Ainsi ai-je retourné tous les tiroirs de ma commode, sans succès ; puis tiré du sommet du placard une valise trop luxueuse et trop encombrante pour le voyage, qui me servait à ranger certains objets précieux et inutiles. C’est là que j’ai retrouvé Carl Schlieper, un petit camarade très affûté. Carl Schlieper pouvait être dangereux. Un manche de corne qui tenait bien en main, une large lame tranchante à la pointe légèrement recourbée : ce n’était pas le genre d’arme qu’on lance, juste un de ces hunter knife avec lequel on achève un animal blessé, si on est chasseur.
Quelques jours plus tard, j’ai eu la preuve que j’étais suivi.
C’était un petit bonhomme, si modeste (un peu minable même) qu’il était difficile de le rattacher à un danger quelconque. On s’attendait plutôt à ce qu’il vous aborde pour vous demander un ticket-restaurant. N’empêche qu’il me suivait. Pas à toute heure, sans doute, plutôt en fin d’après-midi, plutôt dans le quartier de Saint-Gilles que je traversais en rentrant chez moi à pied, en suivant un chemin bientôt si rebattu que je pouvais avancer sur pilotage automatique, sans rien voir des rues que je traversais, ni de la circulation dans laquelle je louvoyais, des boutiques de fringues et de tatouage, des femmes laides et des cyclistes en tenue de plongeur.
Mais je recouvrais la vue à hauteur d’une librairie déployant ses ailes, d’une rôtisserie où tournaient des poulets à la broche (j’avais toujours faim à présent), ou simplement d’une passante, oui, d’une passante, par exemple cette Latino de trente-deux ans (les chiffres précis du désir), cheveux longs bouclés, bleus à force d’être noirs, peau très blanche par contraste, lèvres un peu charnues, seins lourds, air tendre, fesses grosses bien serrées (je me suis retourné sur elle, pas longtemps mais il ne faut pas deux secondes pour similariser le réel).

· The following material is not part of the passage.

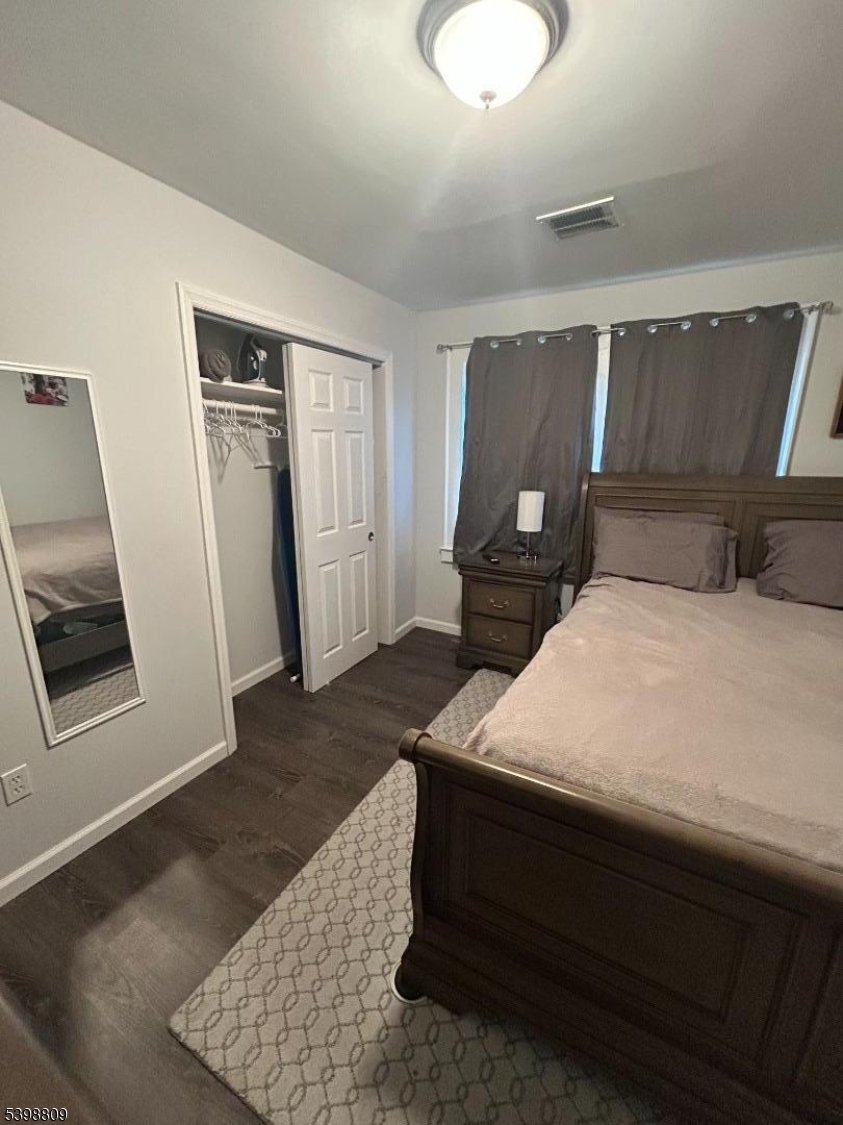 142 Mapes Avenue, Unit 3 Newark, NJ 07112 - Photo 7 of 8 a bedroom with a bed and wooden floor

Et donc, là, soudain, dans le pan coupé d’une devanture faite de deux vitrines obliques encadrant une grande porte ouvragée, j’ai vu surgir, comme un écran réactivé, l’image de ce petit bonhomme à fine barbe grise, porteur d’une casquette à visière trop neuve, d’une besace à l’épaule, tout un déguisement raté. Il a croisé le reflet de mon regard et s’est arrêté pile, heurtant une trottinette à l’abandon, avant d’enfoncer son menton dans son col et de traverser la rue précipitamment. À cet instant je l’ai reconnu. C’était la troisième fois ou la quatrième que je voyais cette tête de faux témoin. Sa silhouette malingre et fuyante faisait partie du paysage. Ce que c’est que la mémoire ; j’avais fixé une image mentale pour la mettre en attente. Cette attente avait pris fin.

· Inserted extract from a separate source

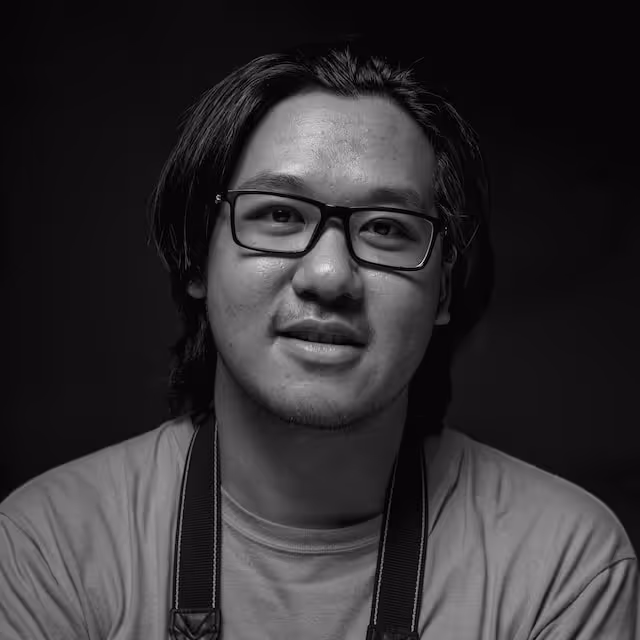 Black and white portrait of a man with medium-length hair, wearing glasses and a t-shirt, smiling slightly against a dark background.
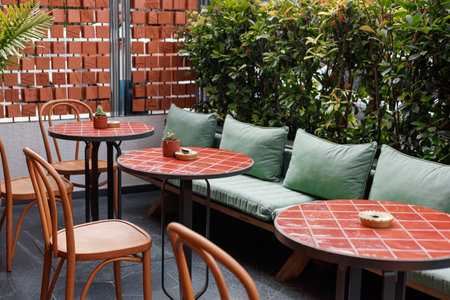 European restaurant or cafe. Outdoor seating with green cushions and red tiles, surrounded by plants, is bright and inviting.の写真素材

A ce personnage antipathique, j’ai aussitôt donné le nom de l’objet lestant ma poche: Carl Schlieper. Et je suis passé à l’action. J’ai sauté d’un trottoir à l’autre, j’ai cherché des yeux Carl, je l’ai retrouvé après un instant d’hésitation, il entrait d’un air furtif aux Ronins (thés, cafés, glaces, gaufres, spéculoos), se sentant repéré. Je l’ai rejoint avant qu’il n’ait tout à fait refermé la porte, je l’ai pris par le bras, gentiment mais porté par la vitesse de la course, et nous avons franchi le sas coude à coude, pour tomber ensemble sur la banquette du radiateur.

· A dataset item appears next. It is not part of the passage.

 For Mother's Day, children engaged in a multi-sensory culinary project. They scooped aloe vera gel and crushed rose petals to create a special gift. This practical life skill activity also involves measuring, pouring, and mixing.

- Alors? On suit les gens dans la rue?
- Ah! vous m’avez vu?
- Vous êtes détective amateur ?
- Non. Je suis généalogiste.
C’est étrange comme les éléments épars, incompréhensibles, d’une personnalité, après être restés en suspens, peuvent se grouper instantanément, quand un mot est prononcé, un seul mot. L’air de princesse en exil de Linda, les accidents répétés, le charme souverain, les ressources inconnues, l’usage de toutes les langues, la discrétion, l’aisance, les confidences esquissées, la haine des réseaux sociaux, et tant d’autres choses, appartenaient à la même série. On croit qu’il y a des petits mystères épars. Il n’y en a qu’un. Le mot généalogiste agissait soudain comme un révélateur. Je tenais le secret. Enfin, presque.